Haiti news: Georg Willeit returns to Port-au-Prince
Georg Willeit returns to Haiti nine months on and asks whats in store for Haiti's future
Austrian Georg Willeit was on site in Haiti just a week after the earthquake: his purpose - to co-ordinate international communications for SOS Children's Villages for a month and help with every possible logistical challenge during this critical first phase. Nine months later he returned to Port-au-Prince:
What will it be like this time, what will have changed, where has progress been made, if at all? With these questions in mind, I arrived in Haiti for the third time after the earthquake. At the same time though, I knew from my last visit in May not to expect too much.
The situation has calmed down now in the SOS Children's Village, the upheaval of the first few weeks has subsided, and everyday life has visibly returned to normal. Yet you need to take a closer look to notice that many things are no longer the same. The last shelters are only just being built on the huge sports ground of the SOS Children's Village in Santo - temporary, prefabricated little houses. The folded components lay for months on end, with customs firstly in the Dominican Republic and then in Haiti. Now they are finally providing the urgently needed relief. Until now an average of 20 children have lived in each of the family houses in the SOS Children's Village, and with all the admirable efforts of the SOS mothers it is good thing that more children can now be moved into the little houses with their carers.
I was surprised at the situation in the city of Port-au-Prince. Much of the rubble has now been cleared away, houses have been partially or completely demolished, and the condition of many houses has been surveyed and sorted into groups. Now the houses have been given red, yellow or green stamps, meaning "demolish", "renovate" or "OK without further work". In many parts of the city there is unfortunately far too much red and yellow. So the first impression is not quite as drastic in visual terms. Many locals, and even some outsiders who know Haiti, say: "The city has never been so clean and tidy". For someone like me, who witnessed Haiti for the first time just after the earthquake, it is almost impossible to believe.
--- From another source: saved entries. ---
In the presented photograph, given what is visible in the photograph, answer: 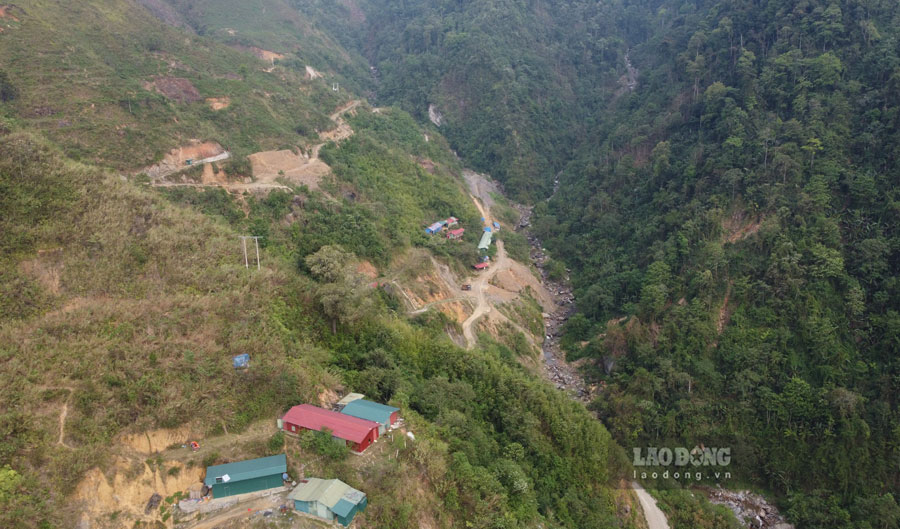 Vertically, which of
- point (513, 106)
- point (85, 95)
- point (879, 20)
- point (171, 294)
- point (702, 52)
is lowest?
point (85, 95)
On closer observation you realise that high stone walls have now been built around many of the emergency relief camps established since January. It makes sense for the people in the camps, who evidently had enough of living in a goldfish bowl. But now it's also as if these endlessly vast tented cities were no longer even there. Inside the camps the tents have been improved, while tarpaulin structures provide a reasonable level of shade and protection from the rain. And more than ever there is the danger that permanent slums will evolve from most of these original makeshift camps - barely visible from the outside, and a dramatic sight from within. The planned relocation to more substantial housing and camps protected from flooding has barely started.
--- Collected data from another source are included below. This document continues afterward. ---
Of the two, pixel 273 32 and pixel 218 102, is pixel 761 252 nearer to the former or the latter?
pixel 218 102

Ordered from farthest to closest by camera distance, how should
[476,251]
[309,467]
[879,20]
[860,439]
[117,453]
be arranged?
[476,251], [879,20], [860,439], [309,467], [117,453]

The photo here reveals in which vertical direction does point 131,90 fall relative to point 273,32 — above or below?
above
What is tangible and visible is a heightened sense of dissatisfaction and impatience among the people, who are now more likely to approach you and beg. This time I also felt that the security situation was relatively tense. It is certainly not advisable now to set foot in a camp without the presence of a camp official. What is difficult for outsiders to comprehend is the discrepancy between the population's understandable urgent needs and impatience and the slow pace of the authorities. The work of every NGO is hampered by bureaucratic restrictions, whether it is customs or tax-related red tape, or virtually intangible contacts in the authorities. Now there is the additional complication of elections being held in November. Sixty eight different lists are standing, and this too is slowing down all the decision-making processes because no one knows if he or she will still be in office at the end of November.